[Captioned web images]
□ □ □ □ □ □ □

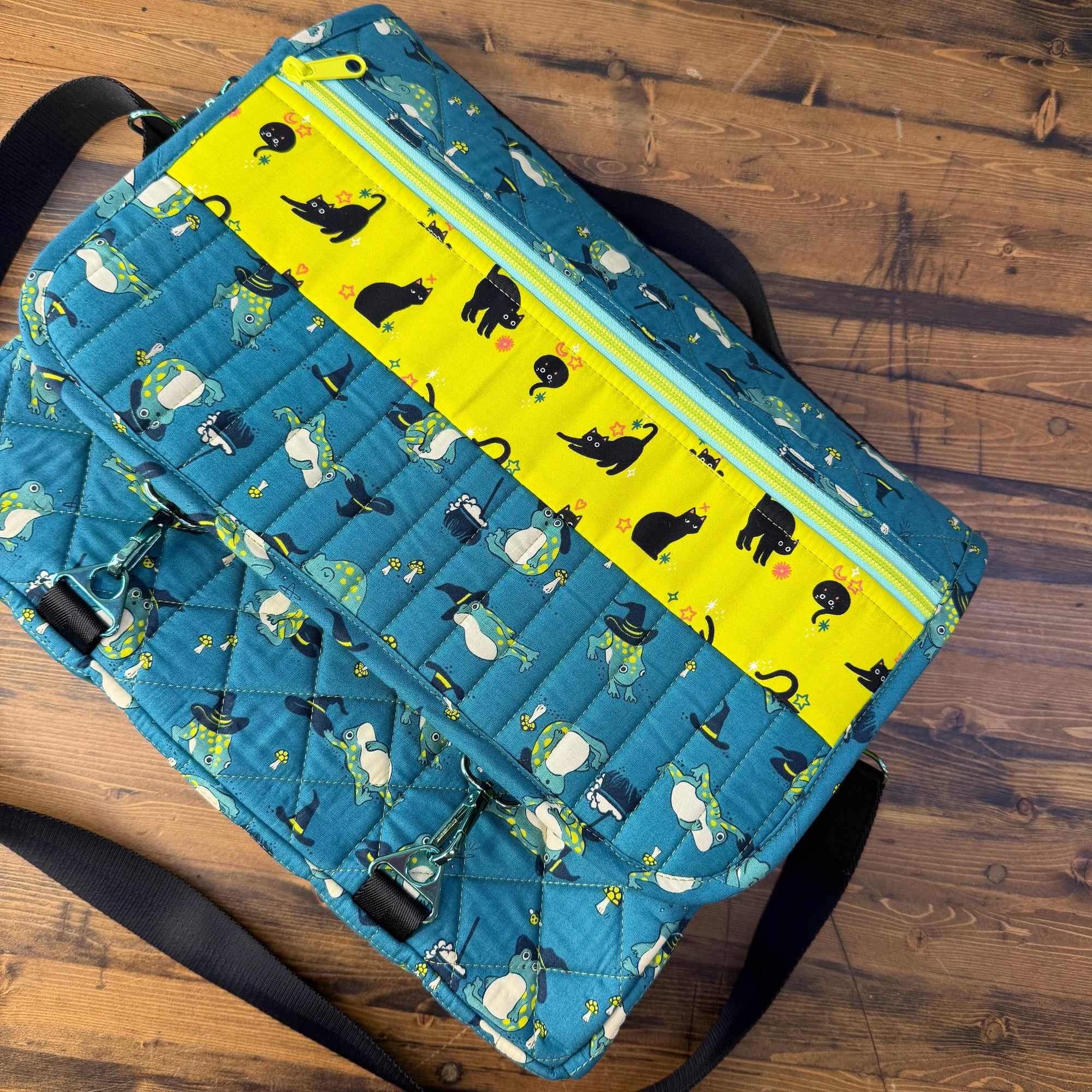 MJ's Messenger Bag - 2 day In Person Workshop with Stacie - Friday, September 18 &amp; Friday, October 2, 2026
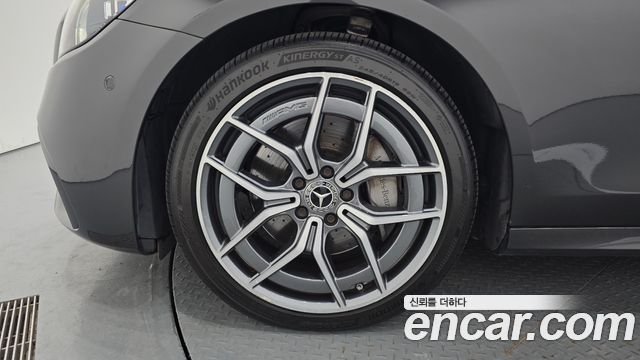 Mercedes-Benz E-Class 2022 — photo 5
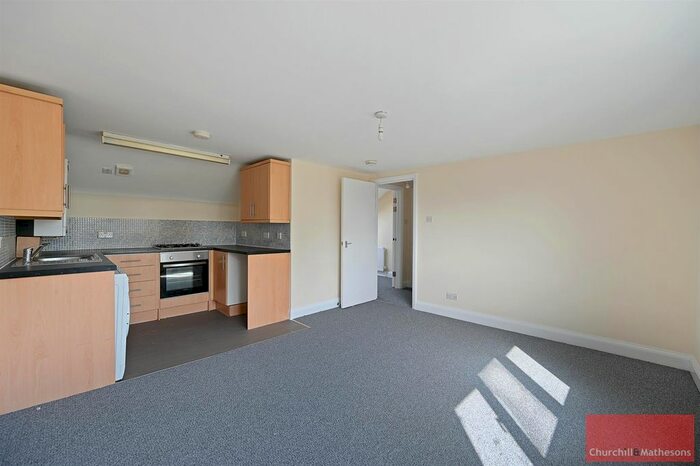 2 Bedroom Flat To Rent In Greenhill Road, London, NW10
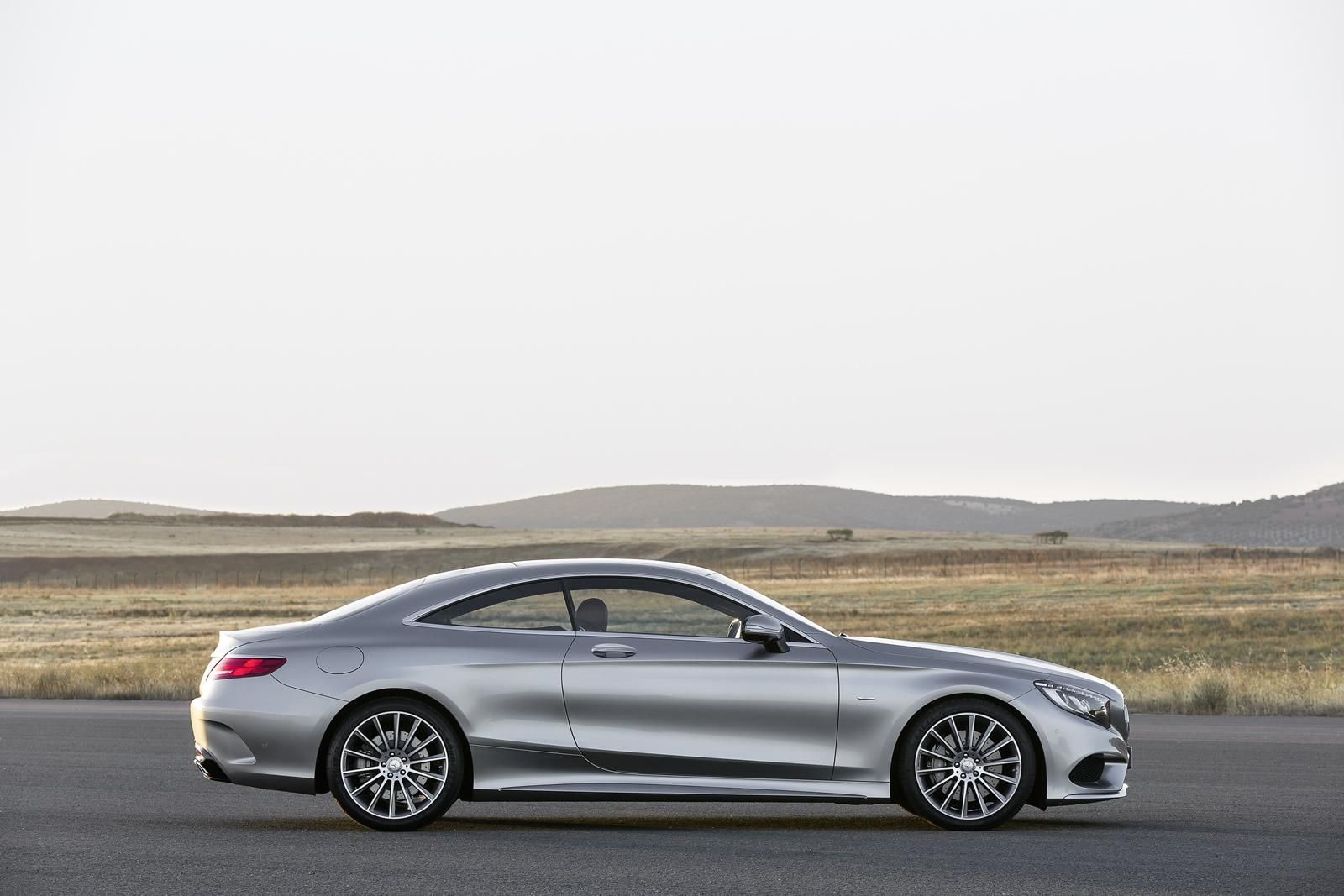 YEN MERCEDES S SERS COUPE DETAYLI RESM GALERS
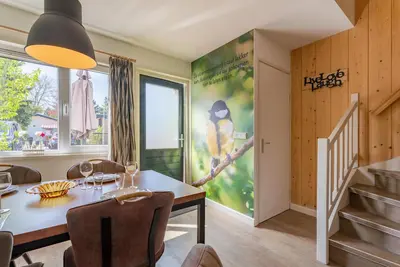 Image de Petite maison dans un parc avec aire de jeux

□ □ □ □ □ □ □

§ **Goal of the exercise**: Could the entries above be written out word for word, pictures excluded?

§ **Your response**:
 MJ's Messenger Bag - 2 day In Person Workshop with Stacie - Friday, September 18 &amp; Friday, October 2, 2026
 Mercedes-Benz E-Class 2022 — photo 5
 2 Bedroom Flat To Rent In Greenhill Road, London, NW10
 YEN MERCEDES S SERS COUPE DETAYLI RESM GALERS
 Image de Petite maison dans un parc avec aire de jeux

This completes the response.